The reading excitement is so intense that I’m receiving multiple new book requests every day. Sometimes, these multiple requests come from the same students!
Are students hoarding books? Or are they reading them?
My guess is the latter.
Growing up, I remember times when I tore through books. It would be a reading rampage. Maybe I would hit a lull for a while and focus on baseball, but then, boom, an unstoppable reading marathon hit.
Did you experience something similar?
With the Kindle Classroom Project, students gain access to books 24 hours a day. There are now 563 books in the library, waiting to be read, plus the promise that students may request new books they want to read.
With 600 Kindles out, the requests come in every day.

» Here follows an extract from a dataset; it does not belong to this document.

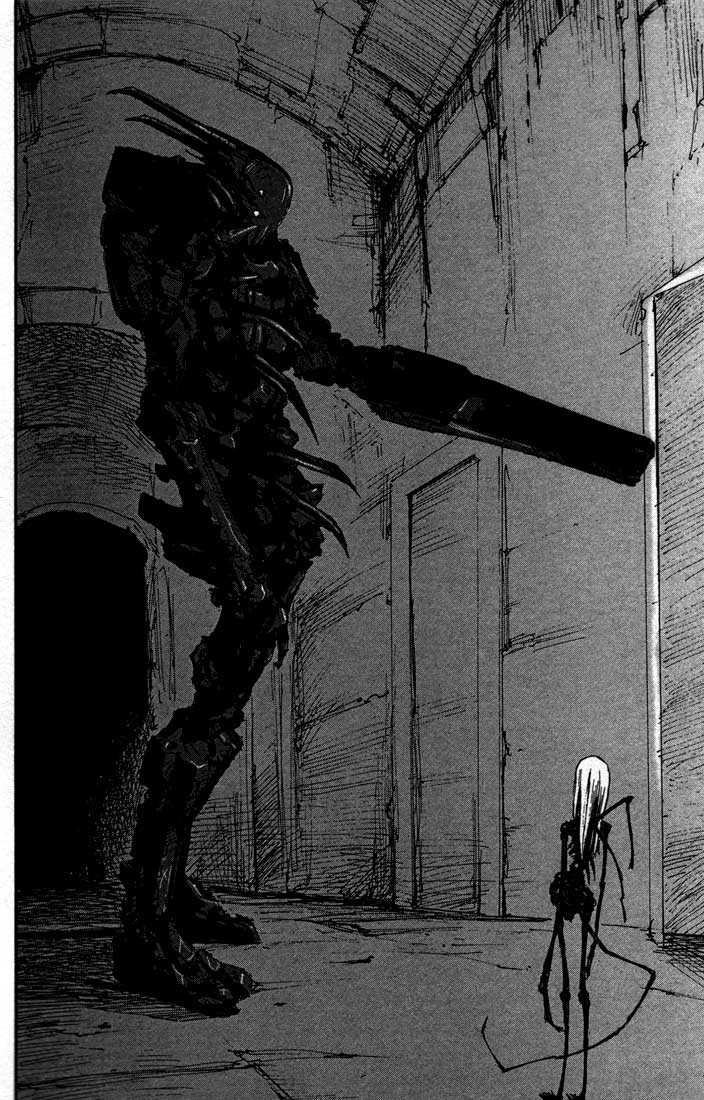 Read Blame! Manga Online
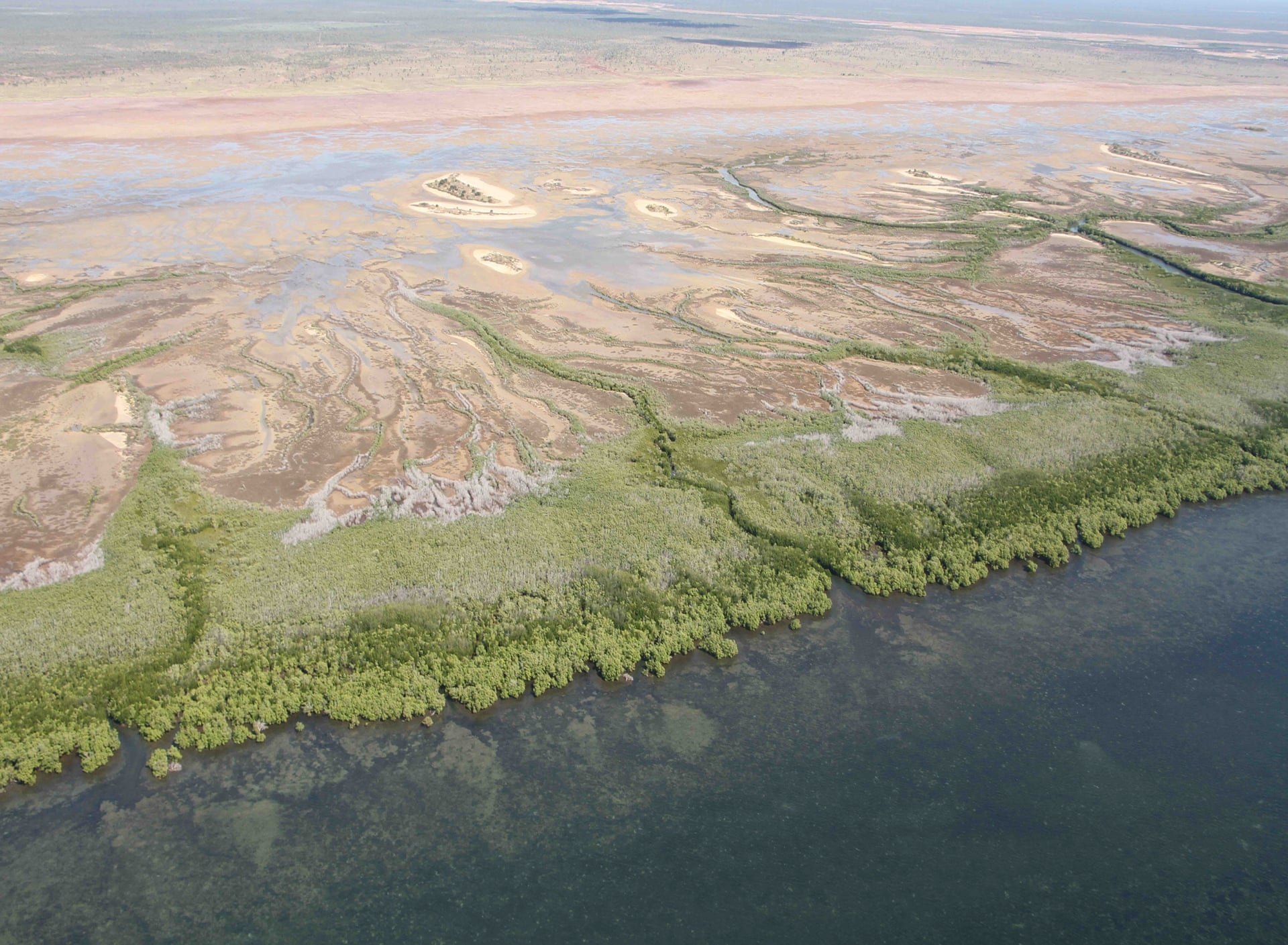 bien doi khi hau Australia anh 15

Luz, a power reader in Hayward, who read 40 books last year, requested two books tonight. Katie, a student in Oakland who just received her Kindle last week, asked for a book yesterday and then another one today. Juan did the same thing.
The requests are so rampant that I’ve had to tell students, “You may request one book at a time.” My intent is not to limit their enthusiasm. It’s just that I want to make sure students are respecting the process. I don’t want their Kindles to get filled with unread books, just like the to-be-read pile next to my bed.
Except I don’t think this is what’s happening. The students who are requesting multiple books per week are reading those books, and there’s a high chance that we’ll have many students who read more than 50 books this year.
The KCP is really growing, and it’s exciting to see, and I’m happy that students are reading, and that they’re comfortable asking for the books they want to read.
My multiple-requester students confirm that they are just plowing through books. No hoarding there!
(And maybe no sleeping either, but for a good book, that’s a fair trade.)
Definitely a fair trade, Lara! (Who needs sleep, anyway, when there are 560+ good books to read?)